Multivariate detector by abaranov25 · Pull Request #52 · sintel-dev/sigllm

abaranov25 · 2025-12-10T18:21:26Z

Resolve #57
Added a multivariate detector pipeline with various formatting methods.

…K-means branch

sarahmish · 2026-02-08T22:51:52Z

sigllm/primitives/forecasting/huggingface.py

        raw=False,
        samples=1,
        padding=0,
+        multivariate_allowed_symbols = [],


add multivariate_allowed_symbols to the docstrings above

sarahmish · 2026-02-08T22:53:05Z

sigllm/primitives/formatting/digit_interleave.py

@@ -0,0 +1,72 @@
+from .multivariate_formatting import MultivariateFormattingMethod


we rely on absolute imports rather than relative in our packaging:

Suggested change

from .multivariate_formatting import MultivariateFormattingMethod

from sigllm.primitives.formatting.multivariate_formatting import MultivariateFormattingMethod

sarahmish · 2026-02-08T23:00:24Z

sigllm/primitives/formatting/digit_interleave.py

+from .multivariate_formatting import MultivariateFormattingMethod
+import numpy as np


typically we follow the following structure for imports:

# python inherent libraries (e.g. import os) # 3rd party libraries (e.g. import numpy) # this library (e.g. import sigllm)

this is google python style coding, so in your case it will be:

import numpy as np from sigllm.primitives.formatting.multivariate_formatting import MultivariateFormattingMethod

sarahmish · 2026-02-08T23:01:49Z

sigllm/primitives/formatting/digit_interleave.py

+if __name__ == "__main__":
+    method = DigitInterleave(digits_per_timestamp=3)
+    method.test_multivariate_formatting_validity(verbose=False)
+    errs, y_hat, y = method.run_pipeline(return_y_hat=True)
+    print(errs)
+    print(y_hat)
+    print(y)


after you finish testing, this can be removed.

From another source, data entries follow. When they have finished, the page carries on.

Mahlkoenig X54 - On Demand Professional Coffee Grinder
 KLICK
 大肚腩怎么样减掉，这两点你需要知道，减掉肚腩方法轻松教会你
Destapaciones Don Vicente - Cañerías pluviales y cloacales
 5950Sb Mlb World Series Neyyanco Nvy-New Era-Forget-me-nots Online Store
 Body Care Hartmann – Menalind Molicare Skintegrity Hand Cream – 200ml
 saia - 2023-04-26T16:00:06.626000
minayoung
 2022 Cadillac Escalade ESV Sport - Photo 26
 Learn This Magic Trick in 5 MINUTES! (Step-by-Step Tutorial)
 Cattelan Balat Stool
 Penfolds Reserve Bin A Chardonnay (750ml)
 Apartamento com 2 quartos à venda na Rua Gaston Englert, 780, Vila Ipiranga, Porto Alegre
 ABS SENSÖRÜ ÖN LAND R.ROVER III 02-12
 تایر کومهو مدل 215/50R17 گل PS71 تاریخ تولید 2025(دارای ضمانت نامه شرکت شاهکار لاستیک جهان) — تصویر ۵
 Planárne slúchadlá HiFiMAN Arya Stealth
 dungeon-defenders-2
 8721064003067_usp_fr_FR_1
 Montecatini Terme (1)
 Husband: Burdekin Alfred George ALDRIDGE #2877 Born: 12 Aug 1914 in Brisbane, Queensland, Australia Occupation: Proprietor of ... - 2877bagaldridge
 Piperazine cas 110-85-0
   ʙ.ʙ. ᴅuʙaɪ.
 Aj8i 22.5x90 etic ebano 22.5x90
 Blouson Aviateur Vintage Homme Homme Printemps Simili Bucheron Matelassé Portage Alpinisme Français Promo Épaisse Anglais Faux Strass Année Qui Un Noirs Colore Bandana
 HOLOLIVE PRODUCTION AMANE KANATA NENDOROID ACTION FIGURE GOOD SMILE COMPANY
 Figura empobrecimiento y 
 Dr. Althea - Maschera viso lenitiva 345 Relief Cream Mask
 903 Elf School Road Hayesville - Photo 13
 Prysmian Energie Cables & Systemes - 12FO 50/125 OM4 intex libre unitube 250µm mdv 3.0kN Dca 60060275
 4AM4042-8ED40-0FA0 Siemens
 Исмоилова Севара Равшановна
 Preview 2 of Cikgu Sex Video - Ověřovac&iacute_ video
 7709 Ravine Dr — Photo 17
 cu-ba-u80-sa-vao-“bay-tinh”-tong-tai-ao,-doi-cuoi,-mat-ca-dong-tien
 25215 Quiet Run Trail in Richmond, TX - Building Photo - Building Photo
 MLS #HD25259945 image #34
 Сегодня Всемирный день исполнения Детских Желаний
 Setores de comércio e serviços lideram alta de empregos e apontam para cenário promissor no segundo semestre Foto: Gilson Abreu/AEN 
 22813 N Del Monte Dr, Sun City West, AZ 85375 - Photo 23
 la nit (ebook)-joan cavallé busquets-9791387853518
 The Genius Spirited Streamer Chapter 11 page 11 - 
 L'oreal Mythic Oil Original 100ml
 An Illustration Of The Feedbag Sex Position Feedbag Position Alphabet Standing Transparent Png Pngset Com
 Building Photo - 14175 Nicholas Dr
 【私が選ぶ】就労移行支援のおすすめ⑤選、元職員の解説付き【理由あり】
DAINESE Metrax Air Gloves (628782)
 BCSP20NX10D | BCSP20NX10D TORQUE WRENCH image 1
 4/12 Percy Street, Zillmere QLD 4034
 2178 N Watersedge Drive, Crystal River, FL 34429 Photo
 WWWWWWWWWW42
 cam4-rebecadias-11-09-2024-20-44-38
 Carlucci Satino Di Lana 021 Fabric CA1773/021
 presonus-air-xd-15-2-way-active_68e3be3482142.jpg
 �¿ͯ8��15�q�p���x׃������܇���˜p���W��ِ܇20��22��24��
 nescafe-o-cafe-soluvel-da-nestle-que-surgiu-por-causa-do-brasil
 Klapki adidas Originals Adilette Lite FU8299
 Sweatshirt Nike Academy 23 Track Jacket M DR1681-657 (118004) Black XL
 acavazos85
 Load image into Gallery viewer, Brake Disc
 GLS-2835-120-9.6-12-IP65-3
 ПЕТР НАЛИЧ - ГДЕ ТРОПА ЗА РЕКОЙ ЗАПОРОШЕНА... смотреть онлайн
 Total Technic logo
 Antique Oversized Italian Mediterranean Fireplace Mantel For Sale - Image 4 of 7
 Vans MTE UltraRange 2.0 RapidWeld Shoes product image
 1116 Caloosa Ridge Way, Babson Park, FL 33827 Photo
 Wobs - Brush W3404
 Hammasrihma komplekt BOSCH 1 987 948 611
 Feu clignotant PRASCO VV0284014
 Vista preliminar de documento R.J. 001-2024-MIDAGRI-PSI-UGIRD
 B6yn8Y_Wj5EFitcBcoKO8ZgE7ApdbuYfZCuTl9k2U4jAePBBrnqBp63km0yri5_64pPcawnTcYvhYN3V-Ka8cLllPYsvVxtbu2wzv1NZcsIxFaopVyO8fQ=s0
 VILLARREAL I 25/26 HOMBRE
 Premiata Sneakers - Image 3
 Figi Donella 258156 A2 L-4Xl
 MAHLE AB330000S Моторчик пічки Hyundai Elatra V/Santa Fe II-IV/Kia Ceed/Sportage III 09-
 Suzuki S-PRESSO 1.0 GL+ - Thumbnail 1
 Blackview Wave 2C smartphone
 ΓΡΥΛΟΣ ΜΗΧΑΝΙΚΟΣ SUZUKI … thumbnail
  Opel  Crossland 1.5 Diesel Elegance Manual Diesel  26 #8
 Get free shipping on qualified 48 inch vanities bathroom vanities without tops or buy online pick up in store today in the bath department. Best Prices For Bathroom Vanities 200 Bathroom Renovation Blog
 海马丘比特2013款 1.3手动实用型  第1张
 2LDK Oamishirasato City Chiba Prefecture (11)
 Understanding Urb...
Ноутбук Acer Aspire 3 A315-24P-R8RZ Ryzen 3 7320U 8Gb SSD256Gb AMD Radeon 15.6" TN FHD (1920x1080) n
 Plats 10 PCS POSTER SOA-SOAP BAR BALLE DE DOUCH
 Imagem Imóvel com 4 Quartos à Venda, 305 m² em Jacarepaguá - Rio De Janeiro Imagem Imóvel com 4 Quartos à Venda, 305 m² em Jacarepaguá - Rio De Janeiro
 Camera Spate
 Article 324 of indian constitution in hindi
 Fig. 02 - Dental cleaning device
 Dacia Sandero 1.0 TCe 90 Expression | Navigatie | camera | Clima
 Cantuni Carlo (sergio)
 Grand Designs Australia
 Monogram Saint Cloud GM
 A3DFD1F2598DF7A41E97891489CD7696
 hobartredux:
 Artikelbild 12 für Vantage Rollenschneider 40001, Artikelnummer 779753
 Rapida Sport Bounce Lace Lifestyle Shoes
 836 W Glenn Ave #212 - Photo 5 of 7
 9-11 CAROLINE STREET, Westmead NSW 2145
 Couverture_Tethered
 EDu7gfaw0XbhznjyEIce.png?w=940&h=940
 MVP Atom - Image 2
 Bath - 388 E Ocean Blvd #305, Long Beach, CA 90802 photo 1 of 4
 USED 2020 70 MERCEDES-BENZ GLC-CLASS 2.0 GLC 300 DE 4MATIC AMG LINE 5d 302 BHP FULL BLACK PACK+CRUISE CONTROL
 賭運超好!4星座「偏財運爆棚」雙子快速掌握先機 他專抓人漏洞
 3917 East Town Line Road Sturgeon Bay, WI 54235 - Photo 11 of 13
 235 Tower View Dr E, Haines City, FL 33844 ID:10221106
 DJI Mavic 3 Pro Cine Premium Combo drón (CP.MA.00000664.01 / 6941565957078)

sarahmish · 2026-02-08T23:07:22Z

sigllm/primitives/formatting/multivariate_formatting.py

+        })
+
+
+    def run_pipeline(self, data=create_test_data(), 


what's the purpose of this method? It can be removed or moved to utils since it doesn't belong in formatting

sarahmish · 2026-02-08T23:11:01Z

tutorials/pipelines/detector-pipeline.ipynb

can you remove this file from the PR? I don't think it's related.

sarahmish · 2026-02-08T23:11:29Z

tutorials/pipelines/multivariate-pipeline.ipynb

rename it to multivariate-detector-pipeline

Can you make it an end-to-end tutorial of using the pipeline? In addition to the new formatting, you can have a full detection process and show the anomalies.

sarahmish

Overall the PR is great in terms of functionality but still needs to be cleaned up, I have a few comments about different aspects.

1. Unittests

Unittest are a great way to ensure the validity of your code and making sure that overtime the function is behaving as expected even if a underlying dependency changes its behavior, we can immediately catch it when we have solid unittests.

There are existing tests provided under tests/primitives that you can mimic to create your tests, typically I like there to be 3 blocks in a function:

def test_example():
    # setup, here you create your variables and instances.

    # run, here you run the function you want to test.

    # assert, here you check that the expected value matches the output.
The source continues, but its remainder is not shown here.